Adapun urbanisasi dapat meningkatkan emisi gas rumah kaca dalam bentuk pembuangan asap kendaraan, pabrik maupun lainnya, sehingga menjadikan kualitas udara tidak sehat. Sedangkan alih fungsi lahan biasanya menyebabkan pengurangan vegetasi yang menyebabkan berkurangannya kemampuan alam dalam menyerap karbon dan meningkatkan kerentanan banjir dan longsor karena air tidak terserap secara optimal.
Dampak dari adanya perubahan iklim tidak hanya terjadi di hulu, peningkatan suhu global memicu tren kenaikan tinggi muka laut.
“Terjadi peningkatan frekuensi kejadian banjir dari laut (rob). Diperparah oleh kerusakan ekosistem pesisir, catatan BNPB dalam tiga tahun terakhir saja, jumlah kejadian bencana banjir rob meningkat 46% dari 35 kali kejadian di tahun 2020 menjadi 75 kejadian di 2022,” ungkap Suharyanto.

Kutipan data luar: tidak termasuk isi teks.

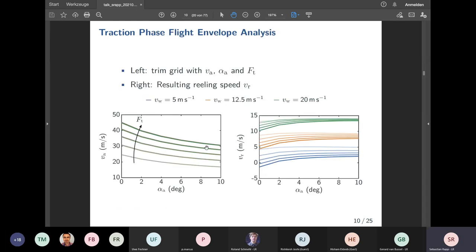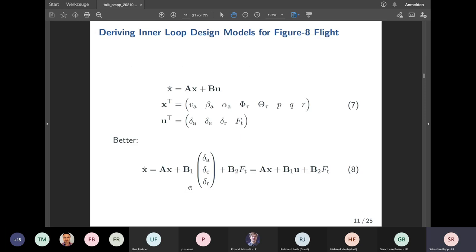If you do this for several operating points, you get results showing airspeed over angle-of-attack pairs for three different wind conditions. One key observation is that results for different wind conditions are essentially the same — expected from crosswind flight fundamentals, because reeling speed adapts to counteract changes in wind speed by changing radial velocity. This is very important for the control design process: designing for different wind conditions makes little sense, since operating points are invariant with respect to wind conditions due to this reeling speed adaptation.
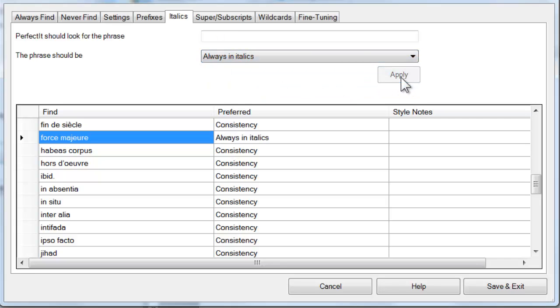You can also add to the list of words that PerfectIt looks for. There might be other foreign words you want to check, or you might want to add titles, ship names, works of art, or anything else that your style manual calls for italicization.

Selain hidrometeorologi basah, bencana hidrometeorologi kering sudah mulai terjadi di beberapa wilayah di Indonesia. Yaitu terjadi kenaikan frekuensi kejadian kebakaran hutan dari pekan ke pekan, sehingga beberapa daerah sudah menetapkan status siaga darurat.
“Data dari KLHK menunjukkan bahwa luas lahan terdampak karhutla khususnya lahan gambut berbanding lurus dengan emisi karbon yang dilepaskan. Pada tahun 2019 contohnya, dari 1.64 juta Ha lahan terbakar melepaskan 624 juta ton emisi karbon ke udara. ” ucap Suharyanto
Suharyanto mengimbau kepada seluruh masyarakat untuk saling bahu membahu untuk mengurangi dampak perubahan iklim.